Comics Artist of the Decade: Darwyn Cooke. Here, I will brook no argument. Brooke Shields, if you’re reading this, I know you’re a big Paul Pope fan, but with all due respect, Brooking. No. Argument.
(Actually, I listed a few other comics pics on one of Ami’s earlier posts, so you can read them there.)
Christmas Movie of the Decade: Bad Santa. All the best Christmas stories are Scrooge stories, and Thornton plays the Grinchiest Scrooge of all.
Horror Imagery of the Decade: The creeping vines in Scott Smith’s novel, The Ruins. When we finally got rid of that hideous wallpaper in the dining room, it was one of the many reasons I breathed a sigh of relief.
TV Show of the Decade: Arrested Development. Every episode was a little joyous ball of wrong.
Vampire of the Decade: Shane McAllister, from Jeri Smith-Ready’s WVMP novels. Not only do her vamps have a great gimmick—they’re stuck in the time they “died,” but being late-night oldies-era deejays can keep their minds from deteriorating until they become true monsters—but Shane is that rare romantic-lead vamp who doesn’t make me want to throw a chair. Instead, through the magic of seeing a friend’s creation grow and take life, he makes me want to write. Which is important as hell. Thanks for that, Jeri.
Trend of the Decade: Friendship.
It’s easy to make friends in school. You’ve got peers all around you, and while you’ll never get along with everyone, chances are you’ll find a core group, or even just one person, who gets you. That’s what I’ve found, anyway. Though all through elementary, high school and college, I also recognized I was pretty lucky, friendwise.
Just the same, I kinda thought I was through with making new friends to a large degree after my education stopped.
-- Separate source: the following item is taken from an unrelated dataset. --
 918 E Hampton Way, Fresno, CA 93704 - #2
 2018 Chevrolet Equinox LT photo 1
There just weren’t the same opportunities to meet them in the working world. But you don’t always get what you expect. And I’ve managed to find and keep friends in each job I’ve had since the 90s: John & Steph from the newspaper, Mike & Lisa from the children’s crusade, and a whole bunch from the gun mags, including the Jims, Slaton, the Mikes, Shayna, Margaret & Justin. And more.
And then there are the friends who totally blindside you. Ami (remember Ami? The lady doling out awards?) is one; somehow we found each other in the blogosphere, and traded comments, then e-mails, and even had a chance to meet at a comic con last year in Philly. She’s someone I never would have met without this complex series of tubes connecting us, and the unlikelihood of our meeting makes every contact a little bit astonishing to me. Then there are all my friends at the Captain Comics site; I've only met a few of them in person (actually, just one), but I enjoy checking in with them every day; it's a great community, and it's been interesting in the past year to see them on facebook and twitter as well. What was once compartmentalized is extending through everything.
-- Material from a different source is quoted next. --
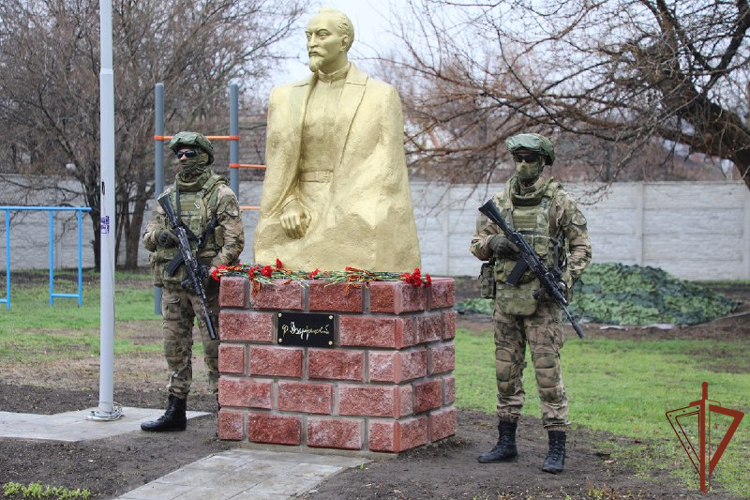 В Луганске росгвардейцы открыли памятник Феликсу Дзержинскому (видео)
Two other friends, Don & Brenda, we met on a big group vacation. We’d be living with strangers and their kids for a week, along with two more families we knew. It could have been a disaster; instead, we were quickly thick as thieves. There’s a terrific musical by Jo Carol Pierce called Bad Girls Upset by the Truth. It’s got a line I try to remember when I go out into the world: “Friends are fine, but to have a truly interesting life, you must have strangers.” Every now and then, someone makes the switch from stranger to friend. And there’s nothing in the world better.
There are other friends, of course—some I’ve known since elementary school, and one (who I’ll be seeing tonight) I’ve known from even before then. And thanks to the internet, I’ve gotten back in touch with a number of them, and kept in better touch with others of the bunch, too distant to see as often as we’d like. But the Oughts were the decade that surprised me, by bringing me friends I never expected, whether in the office, online, or around a D&D table.
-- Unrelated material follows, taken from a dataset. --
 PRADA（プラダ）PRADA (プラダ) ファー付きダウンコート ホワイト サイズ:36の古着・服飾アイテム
Rob-Centric Event of the Decade:
In June, 2001, in the town of Kinsale, Ireland, a smart, talented, funny, beautiful woman who should really know better made a dreadful mistake by agreeing to marry me. And then in April of 2003, she doubled down and said “I do.” No matter what else happened this decade, this event elevates the Oughts beyond compare.
In closing, the Nineties can Suck It.